> **TRY IT**
Write out the material below exactly, with no line missing.

> **DATASET**

════════════════════

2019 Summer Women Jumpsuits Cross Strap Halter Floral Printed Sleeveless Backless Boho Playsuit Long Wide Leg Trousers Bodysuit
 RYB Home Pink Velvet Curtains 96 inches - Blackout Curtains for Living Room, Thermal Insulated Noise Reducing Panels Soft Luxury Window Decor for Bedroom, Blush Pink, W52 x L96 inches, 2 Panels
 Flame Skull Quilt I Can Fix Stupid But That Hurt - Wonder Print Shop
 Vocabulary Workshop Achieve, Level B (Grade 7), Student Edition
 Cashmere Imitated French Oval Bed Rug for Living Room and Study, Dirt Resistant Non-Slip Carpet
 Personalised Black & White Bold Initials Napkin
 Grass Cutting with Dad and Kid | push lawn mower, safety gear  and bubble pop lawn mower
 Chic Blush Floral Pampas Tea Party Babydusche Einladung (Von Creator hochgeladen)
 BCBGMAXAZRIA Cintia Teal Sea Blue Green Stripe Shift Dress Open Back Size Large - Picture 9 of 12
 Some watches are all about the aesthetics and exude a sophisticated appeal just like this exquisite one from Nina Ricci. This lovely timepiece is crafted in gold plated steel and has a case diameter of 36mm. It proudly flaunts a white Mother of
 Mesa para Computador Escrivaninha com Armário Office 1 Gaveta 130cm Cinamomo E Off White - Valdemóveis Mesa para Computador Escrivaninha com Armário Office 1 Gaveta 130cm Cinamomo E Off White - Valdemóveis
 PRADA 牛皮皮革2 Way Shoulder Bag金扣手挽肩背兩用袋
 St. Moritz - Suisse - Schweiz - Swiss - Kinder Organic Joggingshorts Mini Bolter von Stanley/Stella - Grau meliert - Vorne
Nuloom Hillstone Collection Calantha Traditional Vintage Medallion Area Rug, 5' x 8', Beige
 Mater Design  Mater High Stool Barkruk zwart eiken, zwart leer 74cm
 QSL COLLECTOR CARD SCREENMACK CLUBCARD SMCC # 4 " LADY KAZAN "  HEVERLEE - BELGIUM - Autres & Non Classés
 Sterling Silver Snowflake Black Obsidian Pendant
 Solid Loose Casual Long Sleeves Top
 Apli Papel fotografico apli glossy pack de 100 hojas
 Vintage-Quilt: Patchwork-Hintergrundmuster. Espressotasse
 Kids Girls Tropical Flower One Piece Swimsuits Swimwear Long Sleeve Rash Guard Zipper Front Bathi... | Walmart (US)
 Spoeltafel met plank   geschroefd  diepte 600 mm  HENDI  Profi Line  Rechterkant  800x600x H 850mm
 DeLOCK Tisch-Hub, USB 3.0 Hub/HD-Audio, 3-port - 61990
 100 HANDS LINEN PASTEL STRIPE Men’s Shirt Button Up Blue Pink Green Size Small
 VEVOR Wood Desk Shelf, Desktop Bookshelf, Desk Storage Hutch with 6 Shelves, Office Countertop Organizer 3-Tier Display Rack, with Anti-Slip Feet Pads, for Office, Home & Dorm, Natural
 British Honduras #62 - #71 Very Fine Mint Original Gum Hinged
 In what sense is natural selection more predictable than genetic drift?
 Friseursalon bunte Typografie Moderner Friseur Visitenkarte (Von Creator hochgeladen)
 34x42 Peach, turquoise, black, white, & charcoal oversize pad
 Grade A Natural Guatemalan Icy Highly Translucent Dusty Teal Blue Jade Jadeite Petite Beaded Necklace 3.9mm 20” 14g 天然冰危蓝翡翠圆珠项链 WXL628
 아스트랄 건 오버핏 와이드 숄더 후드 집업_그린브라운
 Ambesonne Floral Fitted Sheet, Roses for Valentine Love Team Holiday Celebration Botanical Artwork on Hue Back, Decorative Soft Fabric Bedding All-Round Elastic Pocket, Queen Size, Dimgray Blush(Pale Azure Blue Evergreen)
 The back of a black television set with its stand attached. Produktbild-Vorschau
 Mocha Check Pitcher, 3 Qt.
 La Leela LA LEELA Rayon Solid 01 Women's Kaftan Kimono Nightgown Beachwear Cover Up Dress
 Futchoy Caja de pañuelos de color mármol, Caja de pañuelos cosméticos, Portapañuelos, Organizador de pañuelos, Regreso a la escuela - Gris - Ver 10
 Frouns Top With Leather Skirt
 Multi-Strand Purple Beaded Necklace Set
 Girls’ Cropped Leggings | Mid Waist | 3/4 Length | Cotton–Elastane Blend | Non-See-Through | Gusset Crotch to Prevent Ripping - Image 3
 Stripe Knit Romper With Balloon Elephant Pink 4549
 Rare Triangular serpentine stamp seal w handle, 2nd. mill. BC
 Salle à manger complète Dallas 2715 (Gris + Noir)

════════════════════

> **ANSWER**
2019 Summer Women Jumpsuits Cross Strap Halter Floral Printed Sleeveless Backless Boho Playsuit Long Wide Leg Trousers Bodysuit
 RYB Home Pink Velvet Curtains 96 inches - Blackout Curtains for Living Room, Thermal Insulated Noise Reducing Panels Soft Luxury Window Decor for Bedroom, Blush Pink, W52 x L96 inches, 2 Panels
 Flame Skull Quilt I Can Fix Stupid But That Hurt - Wonder Print Shop
 Vocabulary Workshop Achieve, Level B (Grade 7), Student Edition
 Cashmere Imitated French Oval Bed Rug for Living Room and Study, Dirt Resistant Non-Slip Carpet
 Personalised Black & White Bold Initials Napkin
 Grass Cutting with Dad and Kid | push lawn mower, safety gear  and bubble pop lawn mower
 Chic Blush Floral Pampas Tea Party Babydusche Einladung (Von Creator hochgeladen)
 BCBGMAXAZRIA Cintia Teal Sea Blue Green Stripe Shift Dress Open Back Size Large - Picture 9 of 12
 Some watches are all about the aesthetics and exude a sophisticated appeal just like this exquisite one from Nina Ricci. This lovely timepiece is crafted in gold plated steel and has a case diameter of 36mm. It proudly flaunts a white Mother of
 Mesa para Computador Escrivaninha com Armário Office 1 Gaveta 130cm Cinamomo E Off White - Valdemóveis Mesa para Computador Escrivaninha com Armário Office 1 Gaveta 130cm Cinamomo E Off White - Valdemóveis
 PRADA 牛皮皮革2 Way Shoulder Bag金扣手挽肩背兩用袋
 St. Moritz - Suisse - Schweiz - Swiss - Kinder Organic Joggingshorts Mini Bolter von Stanley/Stella - Grau meliert - Vorne
Nuloom Hillstone Collection Calantha Traditional Vintage Medallion Area Rug, 5' x 8', Beige
 Mater Design  Mater High Stool Barkruk zwart eiken, zwart leer 74cm
 QSL COLLECTOR CARD SCREENMACK CLUBCARD SMCC # 4 " LADY KAZAN "  HEVERLEE - BELGIUM - Autres & Non Classés
 Sterling Silver Snowflake Black Obsidian Pendant
 Solid Loose Casual Long Sleeves Top
 Apli Papel fotografico apli glossy pack de 100 hojas
 Vintage-Quilt: Patchwork-Hintergrundmuster. Espressotasse
 Kids Girls Tropical Flower One Piece Swimsuits Swimwear Long Sleeve Rash Guard Zipper Front Bathi... | Walmart (US)
 Spoeltafel met plank   geschroefd  diepte 600 mm  HENDI  Profi Line  Rechterkant  800x600x H 850mm
 DeLOCK Tisch-Hub, USB 3.0 Hub/HD-Audio, 3-port - 61990
 100 HANDS LINEN PASTEL STRIPE Men’s Shirt Button Up Blue Pink Green Size Small
 VEVOR Wood Desk Shelf, Desktop Bookshelf, Desk Storage Hutch with 6 Shelves, Office Countertop Organizer 3-Tier Display Rack, with Anti-Slip Feet Pads, for Office, Home & Dorm, Natural
 British Honduras #62 - #71 Very Fine Mint Original Gum Hinged
 In what sense is natural selection more predictable than genetic drift?
 Friseursalon bunte Typografie Moderner Friseur Visitenkarte (Von Creator hochgeladen)
 34x42 Peach, turquoise, black, white, & charcoal oversize pad
 Grade A Natural Guatemalan Icy Highly Translucent Dusty Teal Blue Jade Jadeite Petite Beaded Necklace 3.9mm 20” 14g 天然冰危蓝翡翠圆珠项链 WXL628
 아스트랄 건 오버핏 와이드 숄더 후드 집업_그린브라운
 Ambesonne Floral Fitted Sheet, Roses for Valentine Love Team Holiday Celebration Botanical Artwork on Hue Back, Decorative Soft Fabric Bedding All-Round Elastic Pocket, Queen Size, Dimgray Blush(Pale Azure Blue Evergreen)
 The back of a black television set with its stand attached. Produktbild-Vorschau
 Mocha Check Pitcher, 3 Qt.
 La Leela LA LEELA Rayon Solid 01 Women's Kaftan Kimono Nightgown Beachwear Cover Up Dress
 Futchoy Caja de pañuelos de color mármol, Caja de pañuelos cosméticos, Portapañuelos, Organizador de pañuelos, Regreso a la escuela - Gris - Ver 10
 Frouns Top With Leather Skirt
 Multi-Strand Purple Beaded Necklace Set
 Girls’ Cropped Leggings | Mid Waist | 3/4 Length | Cotton–Elastane Blend | Non-See-Through | Gusset Crotch to Prevent Ripping - Image 3
 Stripe Knit Romper With Balloon Elephant Pink 4549
 Rare Triangular serpentine stamp seal w handle, 2nd. mill. BC
 Salle à manger complète Dallas 2715 (Gris + Noir)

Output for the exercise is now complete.